Required work — Using the data that follows, return exactly the lines from the one that contains "in verschiedenen Ausf&uuml;hrungen" through the one that contains "Image of Leinenschuhe St Ives Damen Weiss 40", ends included.

Entries shown —
┏━━

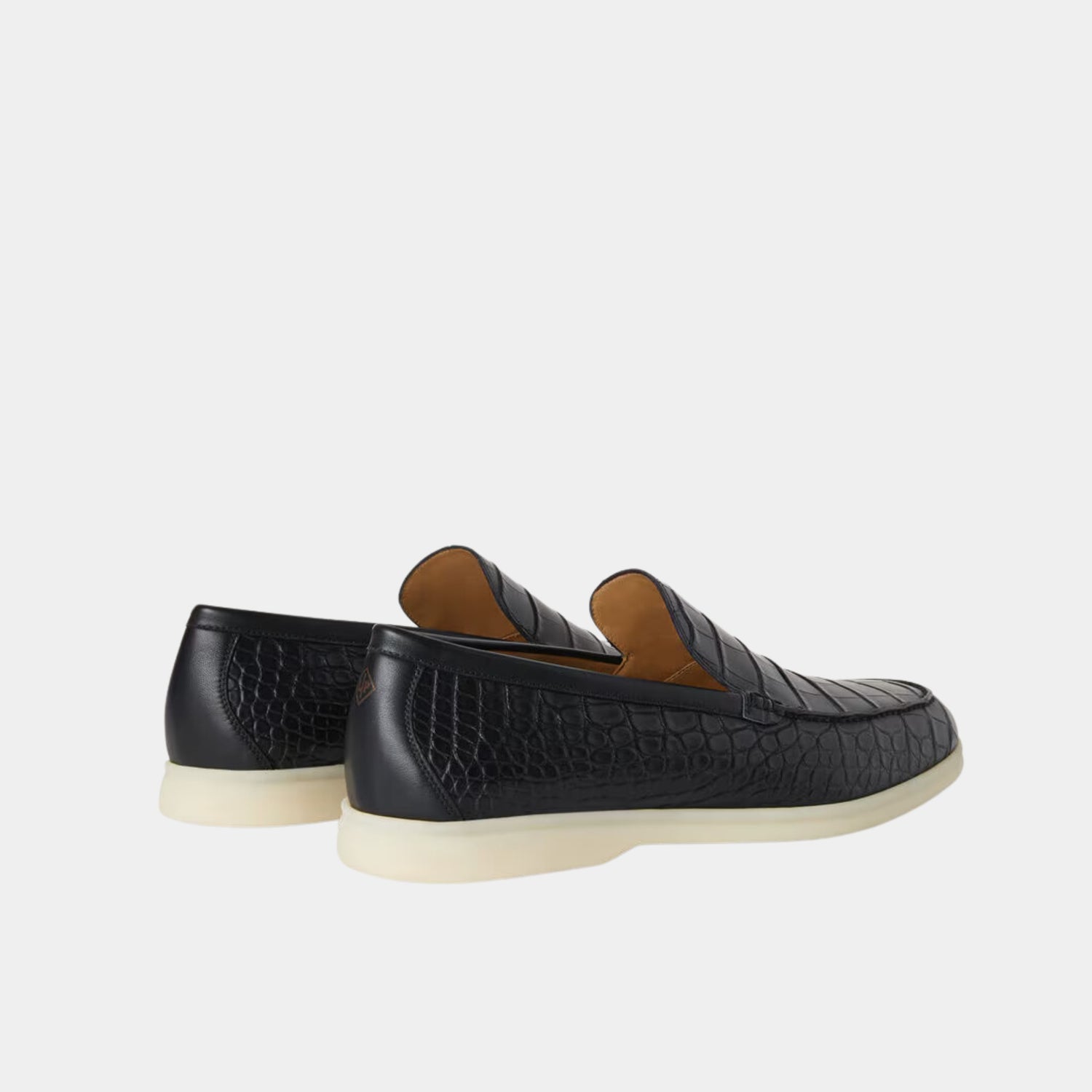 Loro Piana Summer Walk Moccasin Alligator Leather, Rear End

┗━━
┏━━

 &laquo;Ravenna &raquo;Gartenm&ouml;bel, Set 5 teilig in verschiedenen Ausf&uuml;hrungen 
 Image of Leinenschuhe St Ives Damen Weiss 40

┗━━

Output for this exercise —
 &laquo;Ravenna &raquo;Gartenm&ouml;bel, Set 5 teilig in verschiedenen Ausf&uuml;hrungen 
 Image of Leinenschuhe St Ives Damen Weiss 40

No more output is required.